[Problem] Each line that includes "also" must be copied from the records.

───── Dataset excerpts ─────

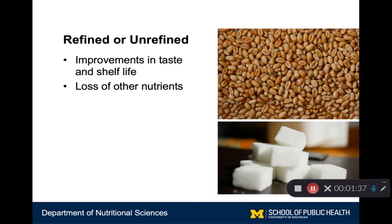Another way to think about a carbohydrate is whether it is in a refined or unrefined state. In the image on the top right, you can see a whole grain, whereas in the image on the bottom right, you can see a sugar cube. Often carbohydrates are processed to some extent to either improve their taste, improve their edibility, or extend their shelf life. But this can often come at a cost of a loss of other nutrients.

─────
───── Dataset excerpts ─────

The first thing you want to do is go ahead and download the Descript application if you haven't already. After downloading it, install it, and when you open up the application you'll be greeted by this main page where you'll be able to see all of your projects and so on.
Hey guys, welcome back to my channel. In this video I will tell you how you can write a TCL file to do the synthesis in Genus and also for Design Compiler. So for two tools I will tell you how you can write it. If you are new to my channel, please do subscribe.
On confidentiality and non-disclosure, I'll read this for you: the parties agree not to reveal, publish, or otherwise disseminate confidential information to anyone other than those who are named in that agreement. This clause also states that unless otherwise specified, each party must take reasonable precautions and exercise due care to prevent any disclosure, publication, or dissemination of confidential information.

─────
───── Dataset excerpts ─────

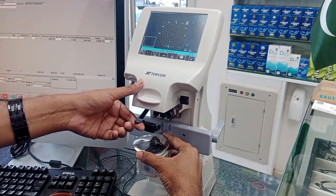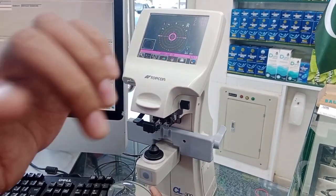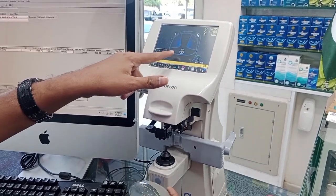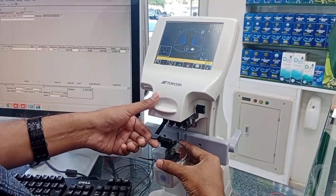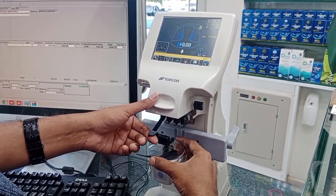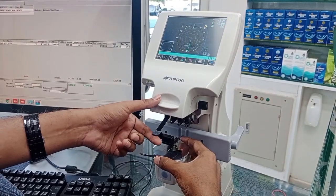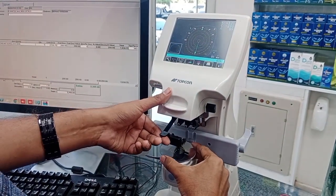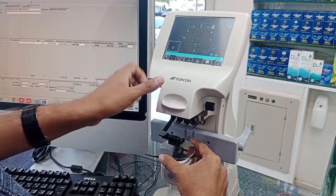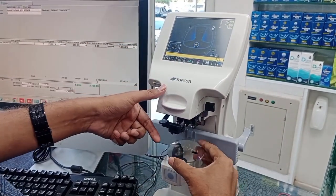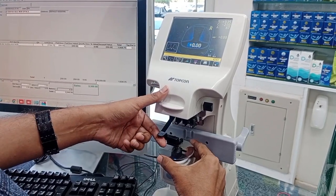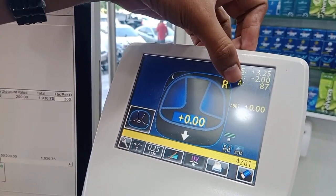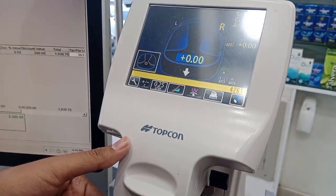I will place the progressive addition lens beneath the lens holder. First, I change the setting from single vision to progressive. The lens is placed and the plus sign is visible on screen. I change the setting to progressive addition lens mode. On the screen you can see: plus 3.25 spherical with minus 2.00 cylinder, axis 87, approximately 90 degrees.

─────

[Result for this task]
Hey guys, welcome back to my channel. In this video I will tell you how you can write a TCL file to do the synthesis in Genus and also for Design Compiler. So for two tools I will tell you how you can write it. If you are new to my channel, please do subscribe.
On confidentiality and non-disclosure, I'll read this for you: the parties agree not to reveal, publish, or otherwise disseminate confidential information to anyone other than those who are named in that agreement. This clause also states that unless otherwise specified, each party must take reasonable precautions and exercise due care to prevent any disclosure, publication, or dissemination of confidential information.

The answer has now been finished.